A Lei do Enquadramento Orçamental, consagra o princípio da não consignação de receitas (art. 7.º/1), proibindo a afectação do produto de quaisquer receitas à cobertura de despesas pré-determinadas. Decorre deste princípio que “as diversas receitas orçamentais devem fundir-se numa massa única de recursos que, sem qualquer distinção, serve para financiar o conjunto das despesas inscritas no orçamento”. Este princípio, assume relevo constitucional, na medida em que “ a cedência à consignação de receitas, com ligação de vários impostos a despesas específicas, acabaria por levar a que, tendencialmente, grupos particulares de contribuintes financiassem determinadas categorias de despesas” , o que choca com valores e princípios constitucionais que informam o Estado de direito democrático, como sejam a democracia económica, social e cultural, a universalidade, a igualdade, a capacidade contributiva, a coerência e a racionalidade.

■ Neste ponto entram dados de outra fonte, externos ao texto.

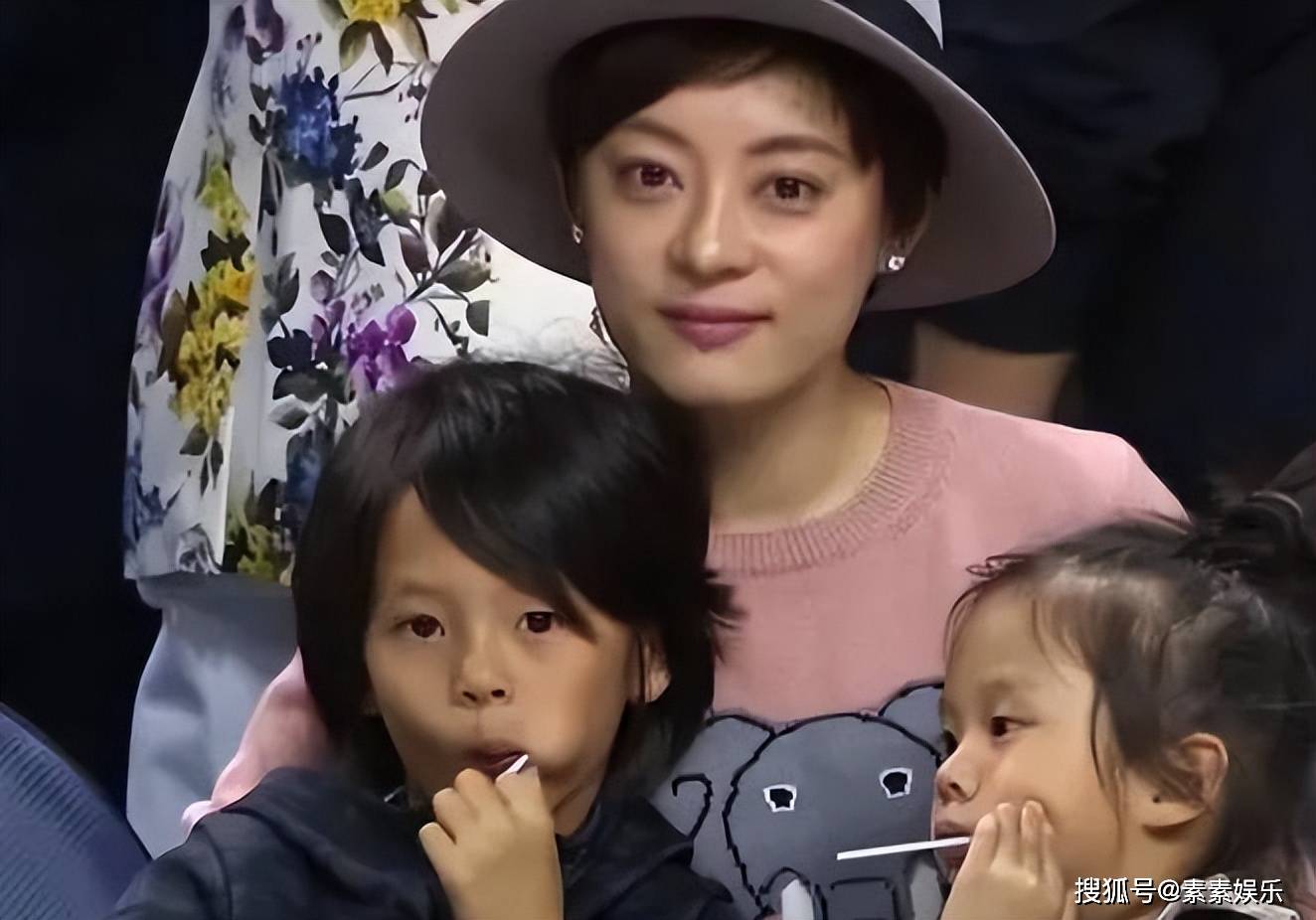 孙俪邓超一家观察剑桥,孩子手拿冰淇淋灿笑,12岁的等等长相很帅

Um dos casos em que a Lei do Enquadramento Orçamental admite a consignação, é o das receitas afectas ao financiamento da segurança social e dos seus diferentes subsistemas, nos termos legais (art.º 7º / 1/ al. c)). Esta, sem embargo, é norma excepcional, sempre sujeita a interpretação restritiva. O espírito da norma excepcional, é o de admitir que os cidadãos no activo, através de contribuições especialmente criadas para esse efeito, financiem o sistema e os diversos subsistemas de segurança social, atendendo à previsível hipótese de beneficiarem, eles próprios, da protecção desses sistemas e subsistemas quando estiverem em situação de reforma ou aposentação. Ou seja, a Lei do Enquadramento Orçamental não admite a consignação da receita de quaisquer impostos ao financiamento da segurança social, permitindo-a quando seja estabelecido um nexo contribuinte/beneficiário e proibindo-a, em contrário.
A conclusão torna-se óbvia: A criação de um novo imposto sobre as heranças acima de 1 milhão de euros (200.000 contos), cujo “produto” servirá para financiar a Segurança Social, viola o princípio da não-consignação, na medida em que tal imposto poderá ser cobrado, desde logo, a quem dela não beneficie, mas sobretudo (ou o mais das vezes), sem que exista o referido nexo contribuinte/beneficiário sempre que o sujeito passivo do imposto esteja já em situação de reforma/aposentação.
A crítica é, pois, de todo em todo, igual à que afectou a Contribuição Especial de Solidariedade, que impõe (com a agravada violação do princípio da “impostos de classe”, nesse caso) um novo imposto (em violação do princípio da unidade da tributação do rendimento) que recai sobre todas as prestações pecuniárias vitalícias, independentemente da sua razão de ser e da sua natureza pública ou privada.